▶ _THE DATA_
★ ★ ★

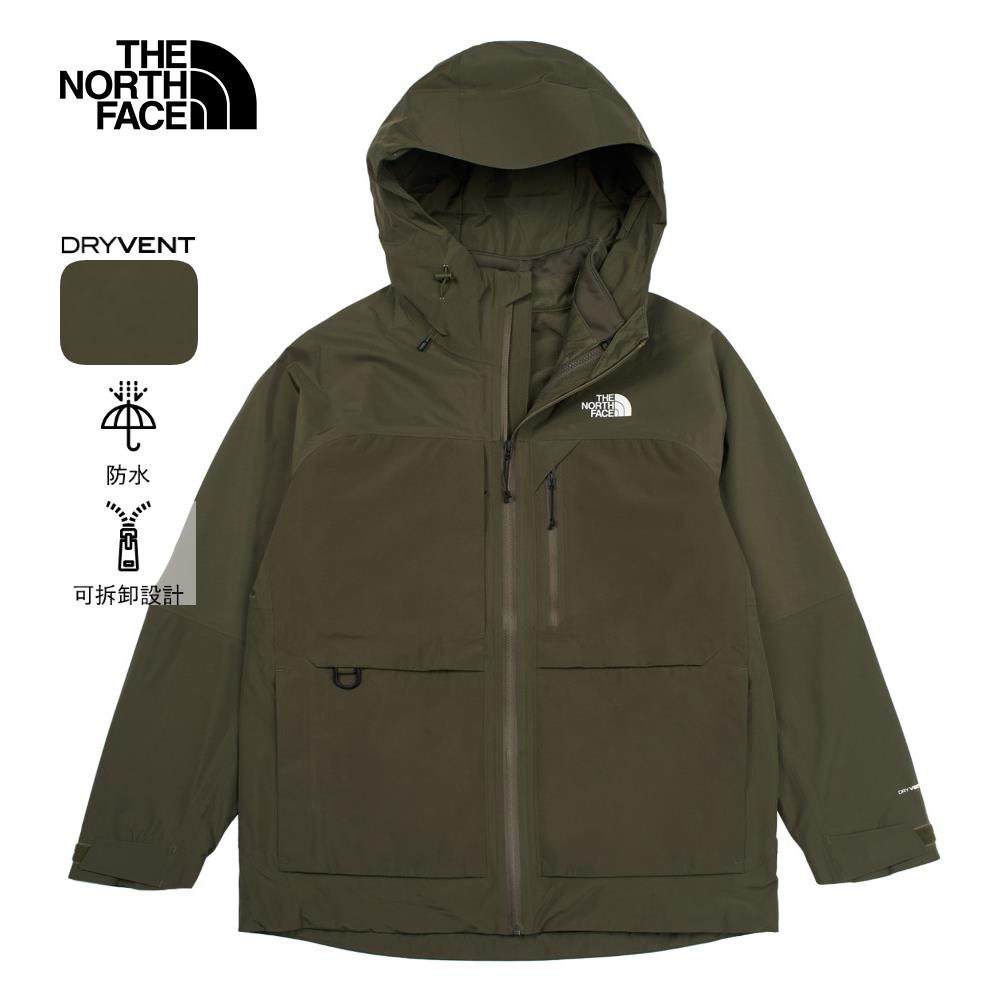 The North Face北面男款灰褐色防水透氣舒適保暖連帽抓絨內裡三合一外套｜89ZS21L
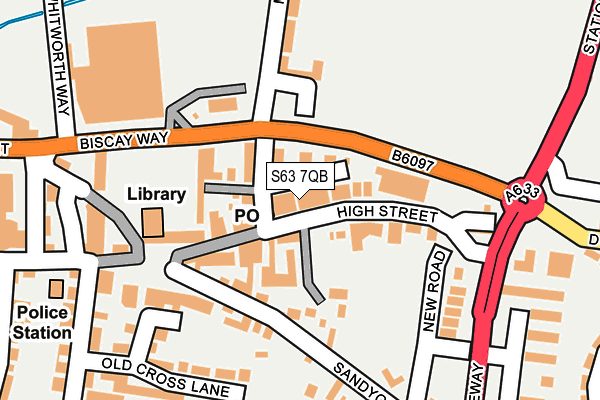 S63 7QB map - OS OpenMap – Local (Ordnance Survey)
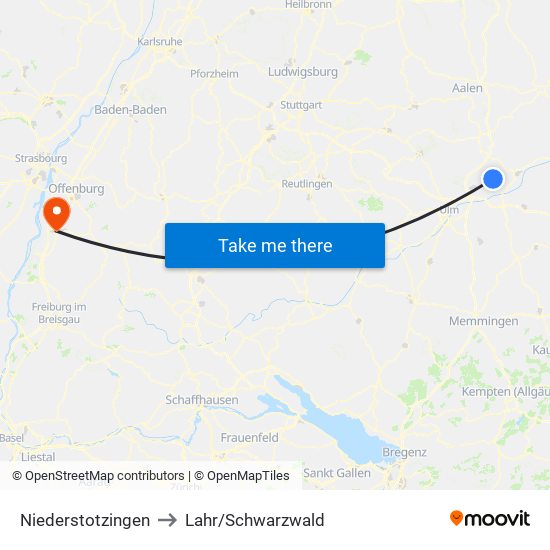 Niederstotzingen to Lahr/Schwarzwald map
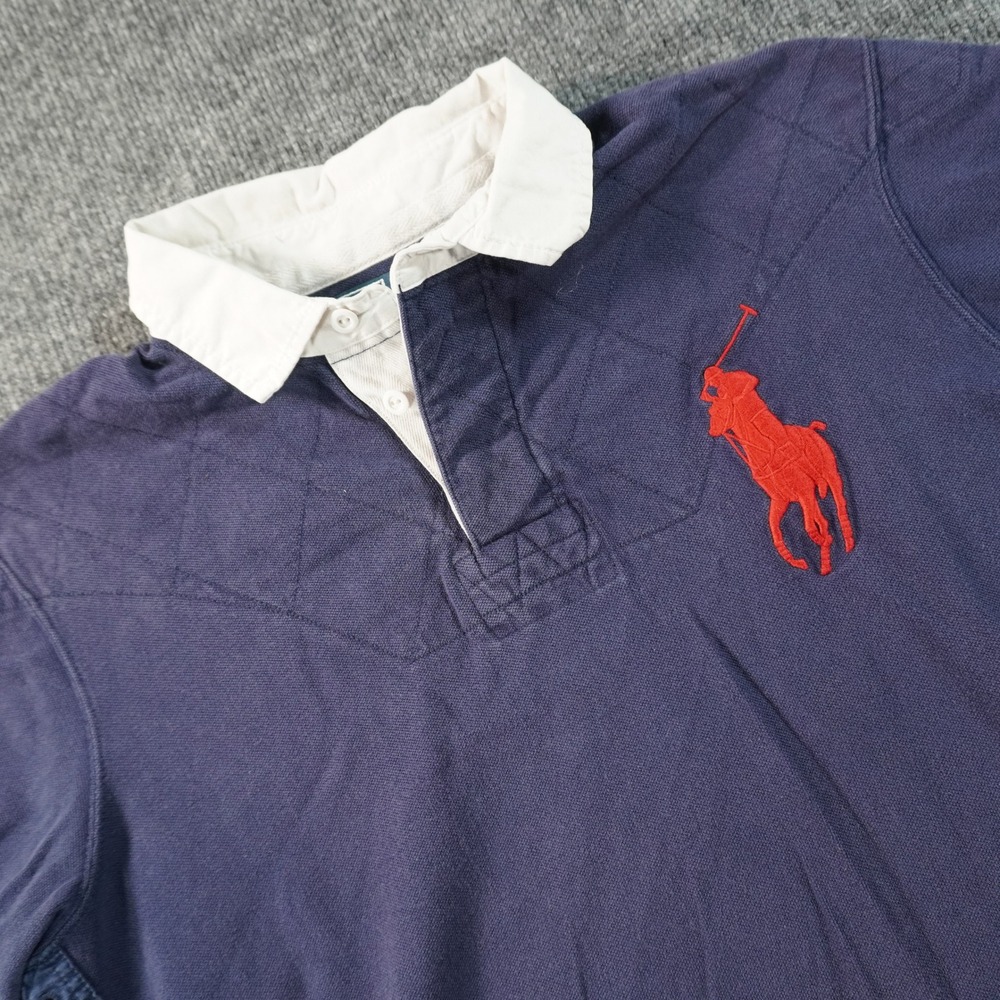 Polo Ralph Lauren Rugby Shirt Mens L Blue Big Pony Quilted Short Sleeve Custom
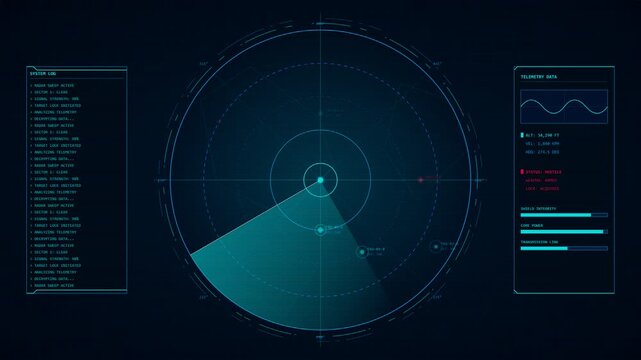 Futuristic radar scanner map interface tech network military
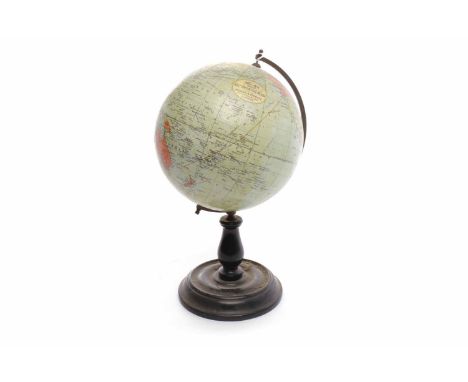 PHILIPS 8 INCH BRITISH EMPIRE GLOBEa terrestrial globe retailed by Pollock & Stewart of Glasgow, on an ebonised baluster stan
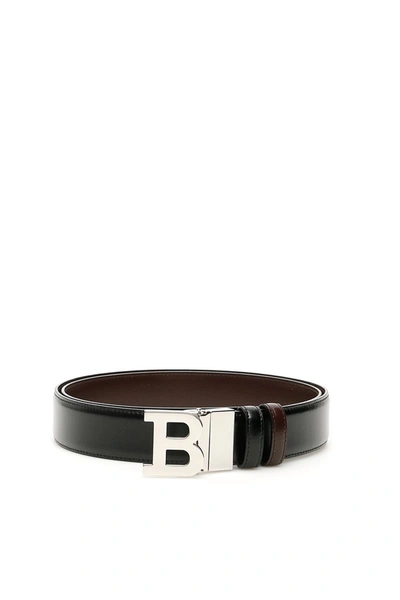 Bally Reversible B Buckle Belt In Black,brown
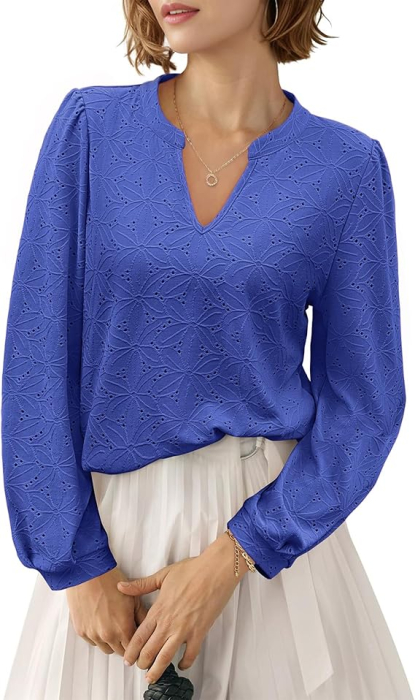 Bluza albastra, lejera pentru femei, cu maneci lungi, decolteu in V, L [4]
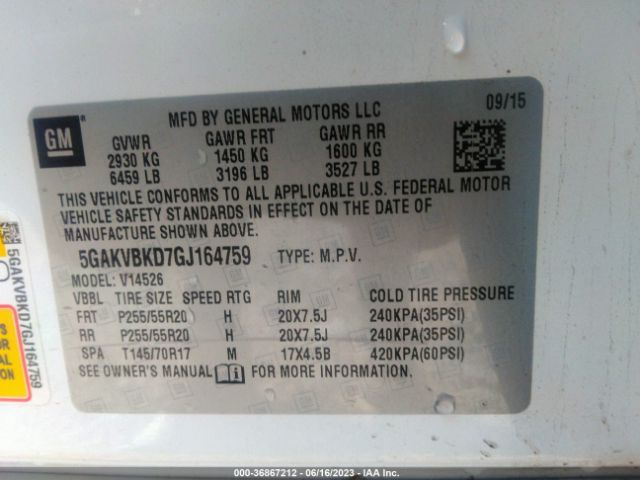 5GAKVBKD7GJ164759 Buick Enclave Leather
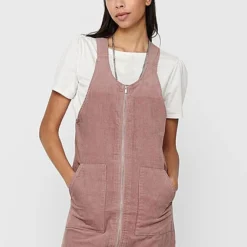 JACQUELINE DE YONG JDY By ONLY Damen Mini Cord Jeans Kleid Mit Zipper Vone 2-Pockets Woodrose Rosa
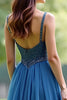 Load image into Gallery viewer, Sparkly Grey Blue Beaded A Line Long Prom Dress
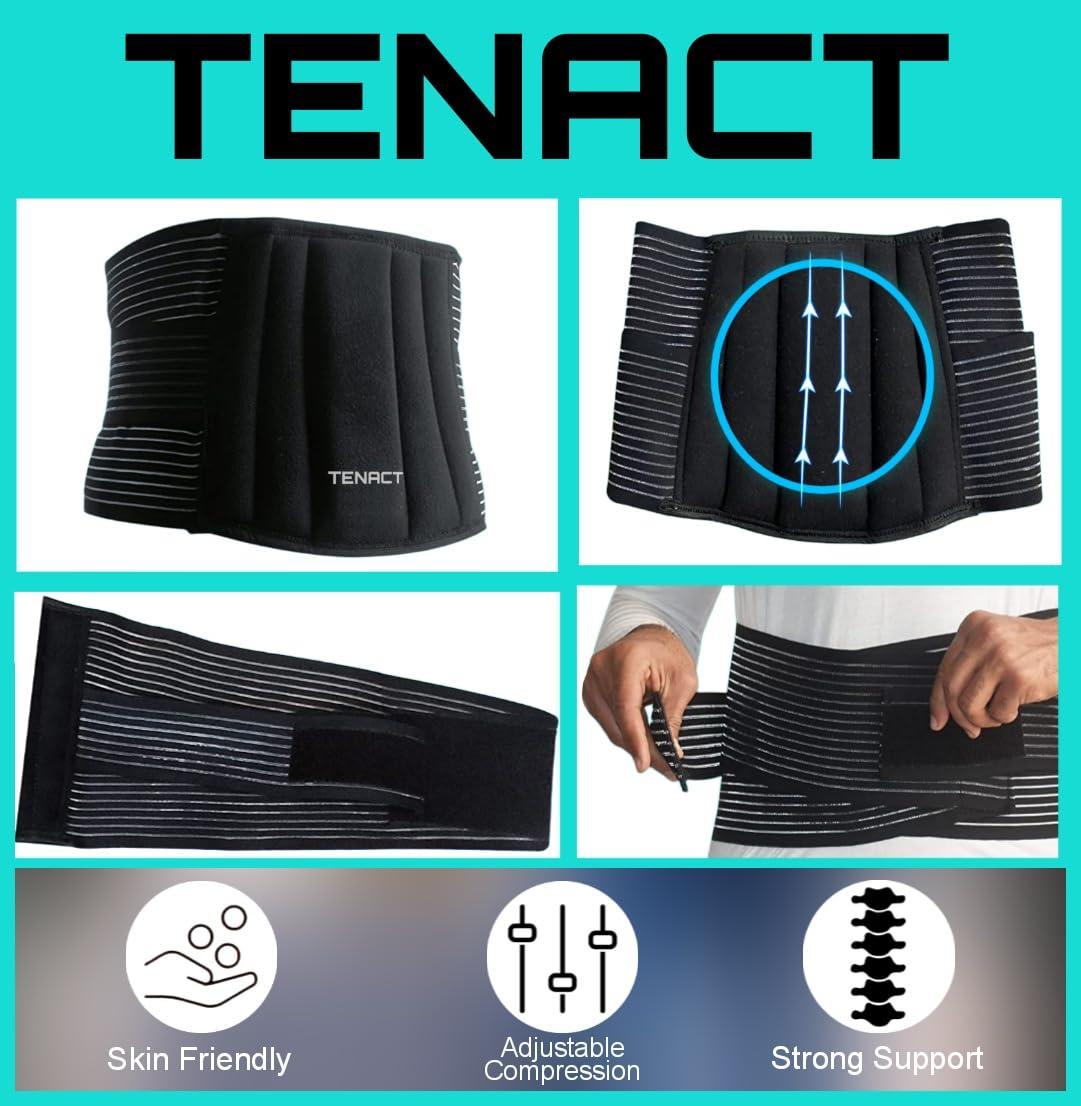 TENACT TENACT Neoprene Premium Lumbar Support Belt For Backpain Relief Compression Lumbo Sacral Dual Strap Adjustable Posture Belt For Men And Women (Xxl)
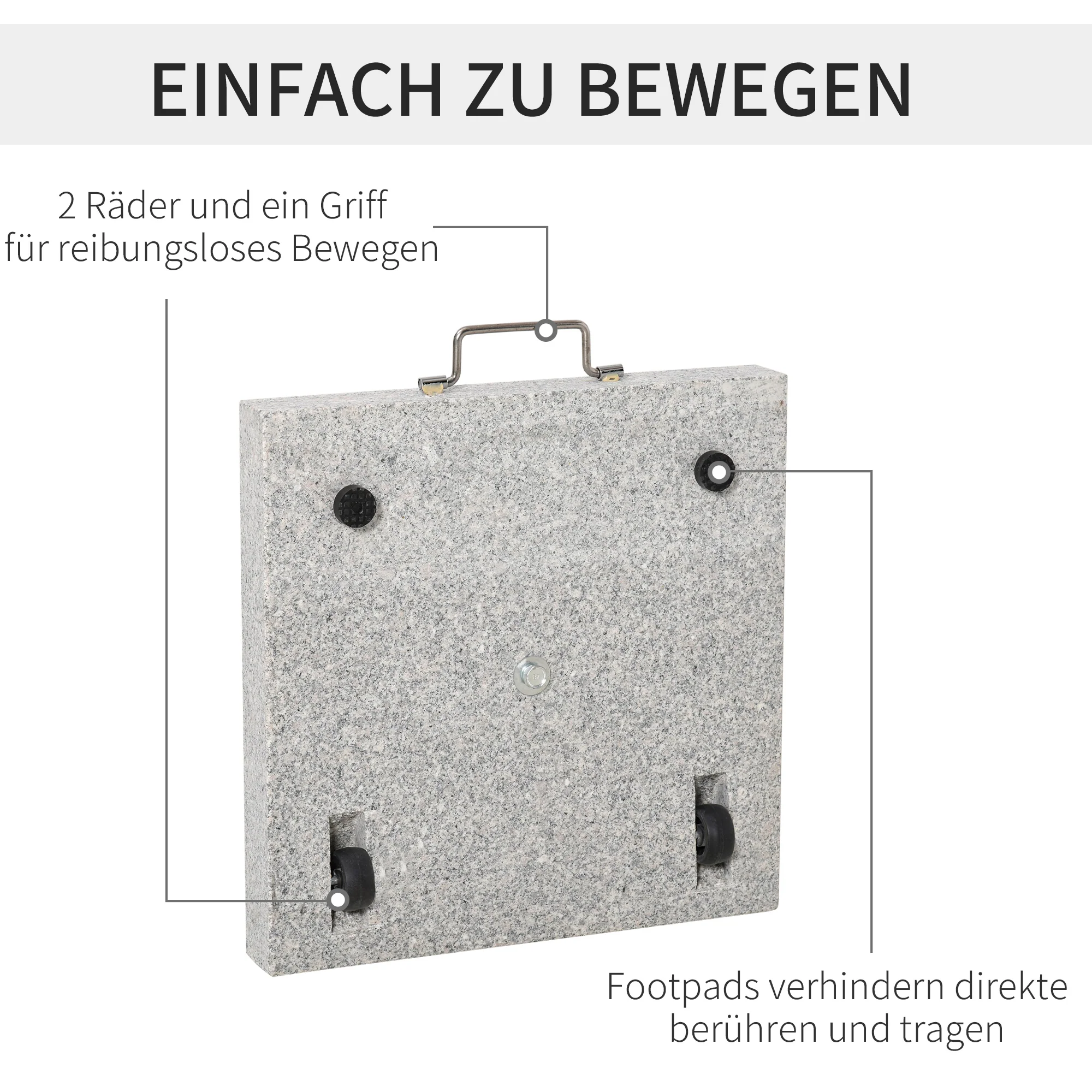 Mobile Parasol Stand, Stable Base 28kg, Marble/Stainless Steel - Image 5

★ ★ ★

▶ _EXERCISE PROMPT_
Pictures stay out, but everything else in the records must be output exactly.

▶ _ANSWER FOR THE TASK_
 The North Face北面男款灰褐色防水透氣舒適保暖連帽抓絨內裡三合一外套｜89ZS21L
 S63 7QB map - OS OpenMap – Local (Ordnance Survey)
 Niederstotzingen to Lahr/Schwarzwald map
 Polo Ralph Lauren Rugby Shirt Mens L Blue Big Pony Quilted Short Sleeve Custom
 Futuristic radar scanner map interface tech network military
 PHILIPS 8 INCH BRITISH EMPIRE GLOBEa terrestrial globe retailed by Pollock & Stewart of Glasgow, on an ebonised baluster stan
 Bally Reversible B Buckle Belt In Black,brown
 Bluza albastra, lejera pentru femei, cu maneci lungi, decolteu in V, L [4]
 5GAKVBKD7GJ164759 Buick Enclave Leather
 JACQUELINE DE YONG JDY By ONLY Damen Mini Cord Jeans Kleid Mit Zipper Vone 2-Pockets Woodrose Rosa
 Load image into Gallery viewer, Sparkly Grey Blue Beaded A Line Long Prom Dress
 TENACT TENACT Neoprene Premium Lumbar Support Belt For Backpain Relief Compression Lumbo Sacral Dual Strap Adjustable Posture Belt For Men And Women (Xxl)
 Mobile Parasol Stand, Stable Base 28kg, Marble/Stainless Steel - Image 5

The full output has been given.